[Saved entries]
·····

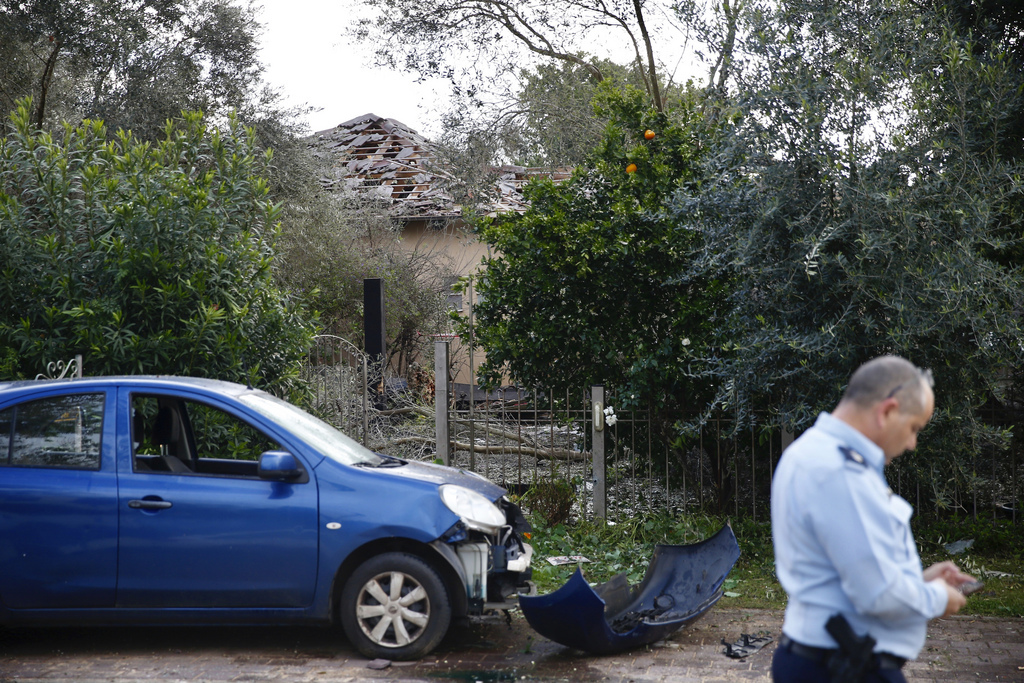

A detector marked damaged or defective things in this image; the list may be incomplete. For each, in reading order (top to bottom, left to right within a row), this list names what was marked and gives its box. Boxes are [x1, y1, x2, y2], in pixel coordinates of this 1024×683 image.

damaged house roof [307, 111, 573, 220]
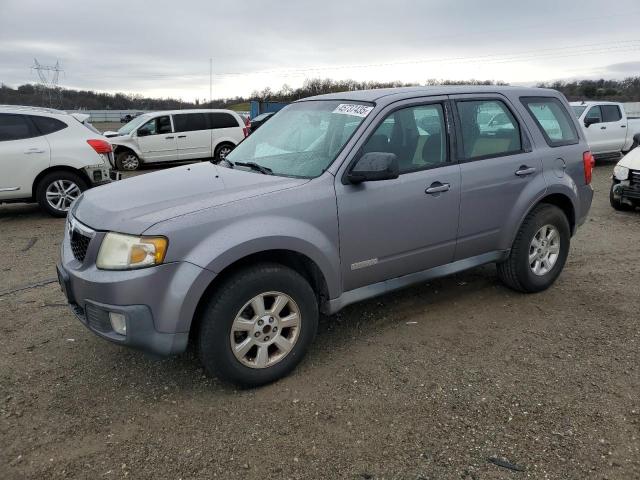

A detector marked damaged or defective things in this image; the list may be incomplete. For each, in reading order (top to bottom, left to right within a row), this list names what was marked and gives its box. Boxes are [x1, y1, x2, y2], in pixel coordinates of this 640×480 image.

damaged white car [608, 149, 640, 211]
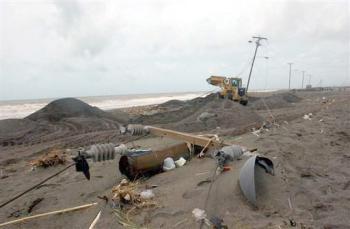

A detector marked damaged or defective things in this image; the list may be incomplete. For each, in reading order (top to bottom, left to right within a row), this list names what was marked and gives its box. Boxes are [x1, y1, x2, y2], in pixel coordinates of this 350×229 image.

·····

→ To do: Please return only the lines from the one holding "this 640×480 image." through the end of the data, both ends included; do not copy any pictures.

→ Finished exercise:
A detector marked damaged or defective things in this image; the list may be incomplete. For each, in reading order (top to bottom, left to right within a row), this list names what was marked and gives its box. Boxes are [x1, y1, x2, y2], in pixel coordinates of this 640×480 image.

damaged white car [608, 149, 640, 211]

A detector marked damaged or defective things in this image; the list may be incomplete. For each, in reading order (top to bottom, left to right within a row), this list names what was marked and gives its box. Boxes are [x1, y1, x2, y2], in pixel coordinates of this 350×229 image.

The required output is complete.